Christian Mayer (January 24, 1827 - August 6, 1910) was an American carpenter and businessman from Watertown, Wisconsin who manufactured doors and sash windows. He served as an alderman in, and mayor of, that city, and as a member of the Wisconsin State Assembly. [1]
Mayer was born on January 24, 1827, in Bretten, then part of the Grand Duchy of Baden. He received a common school education. He emigrated to the United States in 1852. He spent six months in Brooklyn as a carpenter and joiner, then settled for a while in Buffalo, New York, working at the Buffalo City Planing-Mills. While there he married Frederika Melcher on October 18, 1855; the couple would eventually have twelve children. In 1856 or 1857 (accounts vary) they moved to Wisconsin, settling in Watertown and worked as a carpenter until 1861. He then began manufacturing doors, window sashes and window blinds, and operating a planing mill.

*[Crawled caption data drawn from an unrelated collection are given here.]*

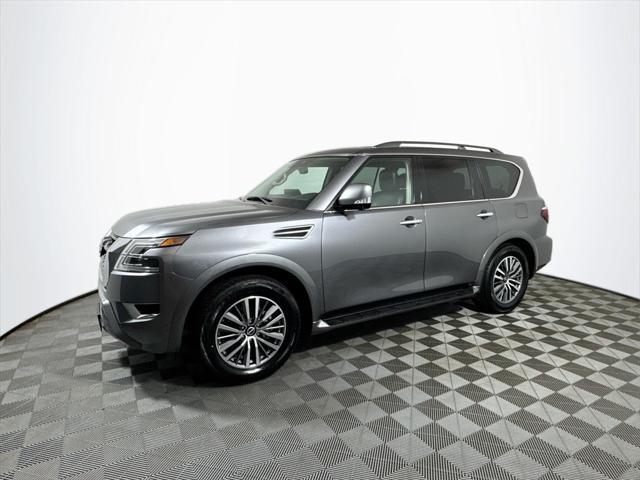 used 2023 Nissan Armada car, priced at $37,497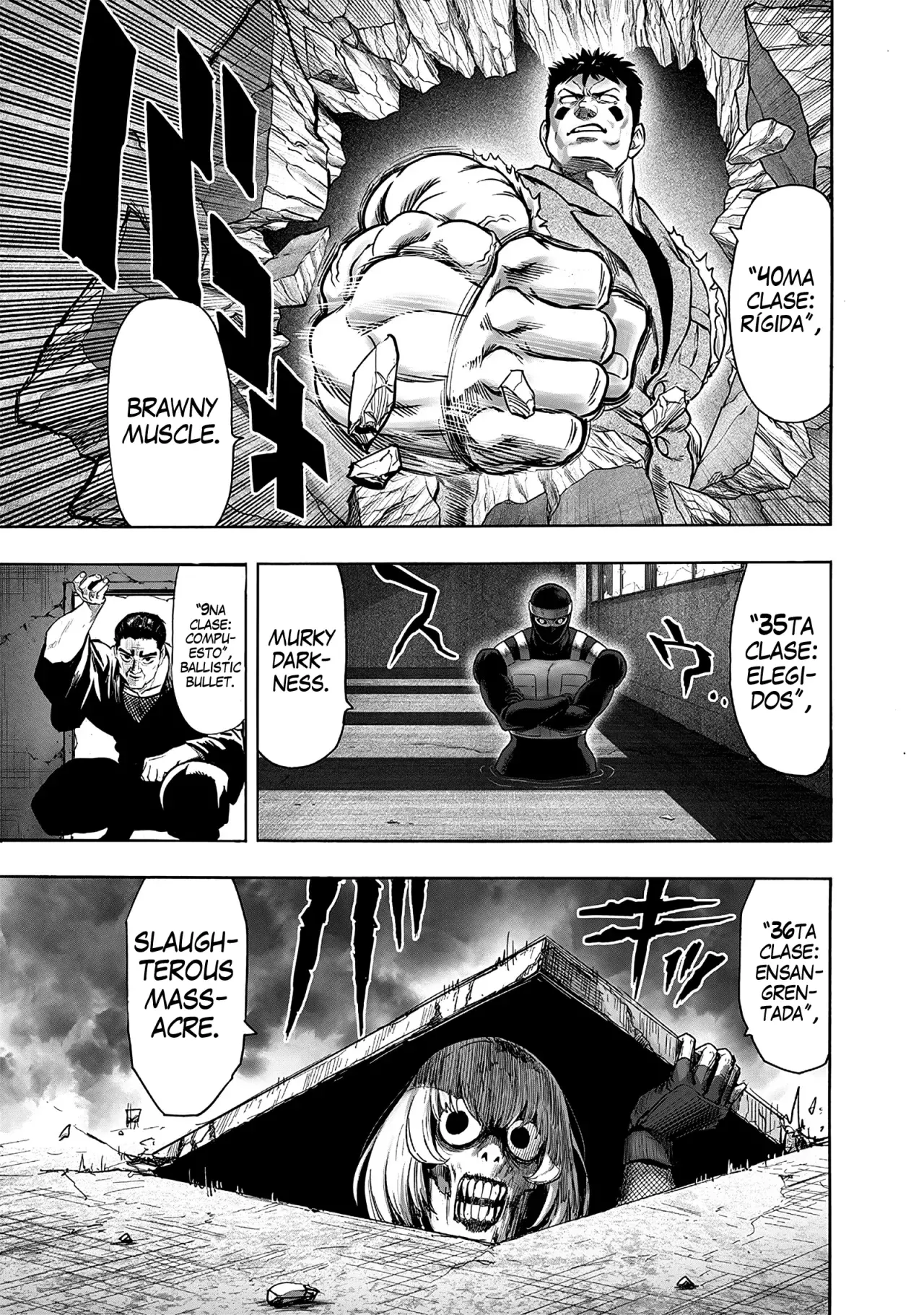 One Punch-Man Capitulo 254.5: Ese hombre (Redibujo) página 14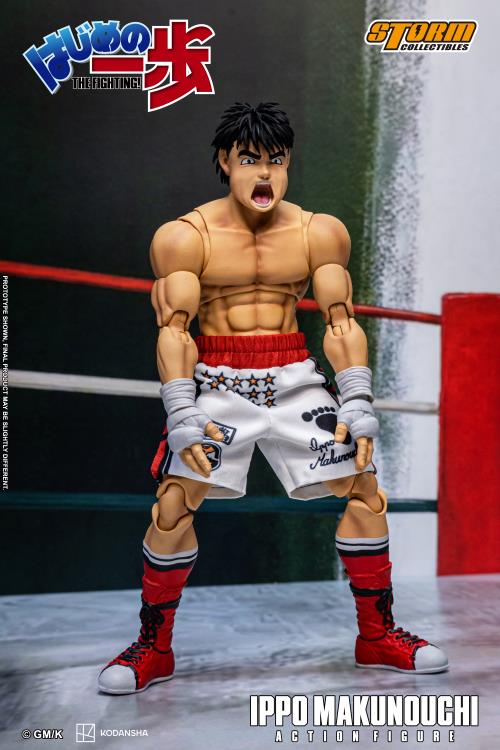 Pre-Order -Hajime no Ippo Ippo Makunouchi 1/12 Scale Action Figure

He had been alderman of Watertown seven years, and served as mayor of that city for one term, when in 1874 he was elected to the Assembly's 1st Jefferson County district (which included the Towns of Ixonia and Watertown as well as the entire City of Watertown, including those two wards which actually were in Dodge County) as a member of the Reform Party, a short-lived coalition of Democrats, reform and Liberal Republicans, and Grangers formed in 1873 which had secured the election of a Governor of Wisconsin and a number of state legislators; incumbent Charles Beckman, a Reformer, was not running for re-election. Mayer won with 969 votes to 781 for Republican August Volkmann. He was assigned to the standing committee on ways and means. [2]
He was not a candidate for re-election in 1875, and was succeeded by Democrat Thomas Shinnick.
He continued to serve as an alderman in Watertown. [3]
He died August 6, 1910, as a result of a broken hip sustained in a fall. His wife had died about two years previously. They were survived by twelve children: seven daughters and five sons. He was buried in Watertown's Oak Hill Cemetery.